Assignment
Make an exact copy of the entries, and keep any pictures out of it.

(Text-to-region grounding data)
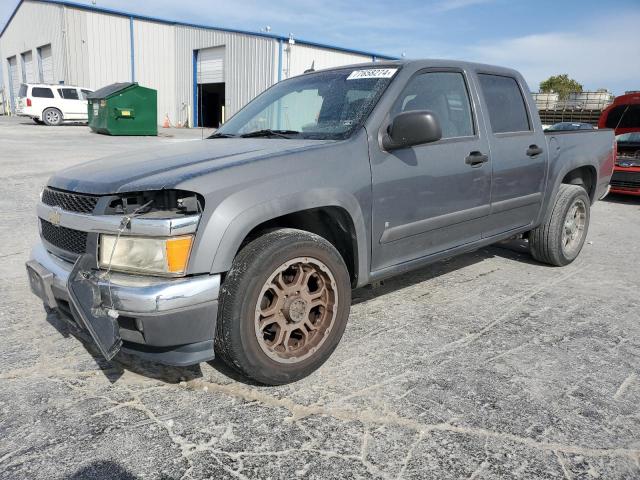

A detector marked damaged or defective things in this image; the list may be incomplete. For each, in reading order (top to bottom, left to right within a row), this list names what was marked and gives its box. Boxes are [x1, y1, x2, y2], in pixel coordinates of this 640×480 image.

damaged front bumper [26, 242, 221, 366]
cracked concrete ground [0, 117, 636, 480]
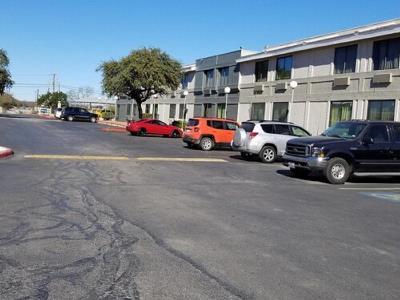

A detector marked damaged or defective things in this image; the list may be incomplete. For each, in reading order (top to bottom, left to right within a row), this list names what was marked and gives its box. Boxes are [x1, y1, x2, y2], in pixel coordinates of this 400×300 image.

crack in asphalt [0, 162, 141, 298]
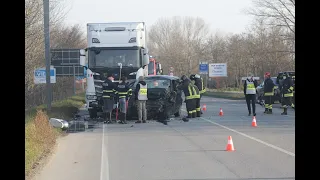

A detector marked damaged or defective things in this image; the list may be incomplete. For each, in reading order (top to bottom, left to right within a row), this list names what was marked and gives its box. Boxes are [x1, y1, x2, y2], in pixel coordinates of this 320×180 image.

Reply
A detector marked damaged or defective things in this image; the list may be incomplete. For each, in reading order (top to bottom, left to right within a row), this list names what was marked and gives its box. Boxes are [x1, y1, x2, y2], in pixel coordinates of this 640×480 image.

damaged front bumper [26, 242, 221, 366]
cracked concrete ground [0, 117, 636, 480]

A detector marked damaged or defective things in this image; the list may be incomplete. For each, in reading order (top to bottom, left to right within a row), this list names what was marked and gives its box. Boxes are [x1, y1, x2, y2], in pixel coordinates of this 400×300 image.

crack in asphalt [0, 162, 141, 298]

A detector marked damaged or defective things in this image; the list may be incomplete. For each, in reading order (top to bottom, left to right within a row), this list names what was marked and gives its box. Boxes are [x1, y1, x2, y2], in pixel coordinates of this 320×180 image.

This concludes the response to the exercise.